**Dataset section**
□ □ □ □ □
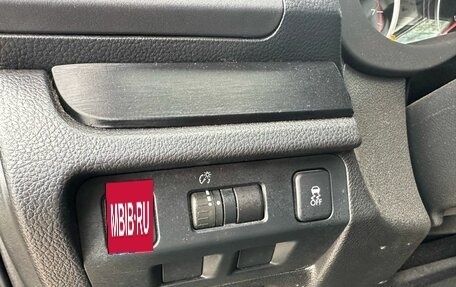 Subaru Forester, 2014 год, 1 750 000 рублей, 14 фотография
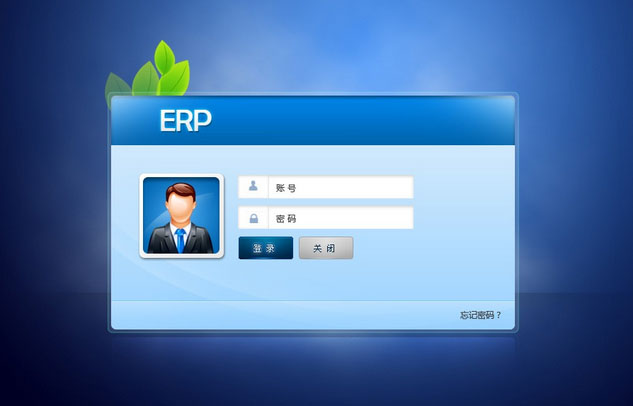 市场主流ERP万搏官网登录(中国)官方网站登录入口
-企业应如何选择ERP万搏官网登录(中国)官方网站登录入口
□ □ □ □ □
Exactly the lines running from the one with "市场主流ERP万搏官网登录(中国)官方网站登录入口" through the end of the listing above must be output, both ends included. No pictures belong in the output.

**Expected output**
 市场主流ERP万搏官网登录(中国)官方网站登录入口
-企业应如何选择ERP万搏官网登录(中国)官方网站登录入口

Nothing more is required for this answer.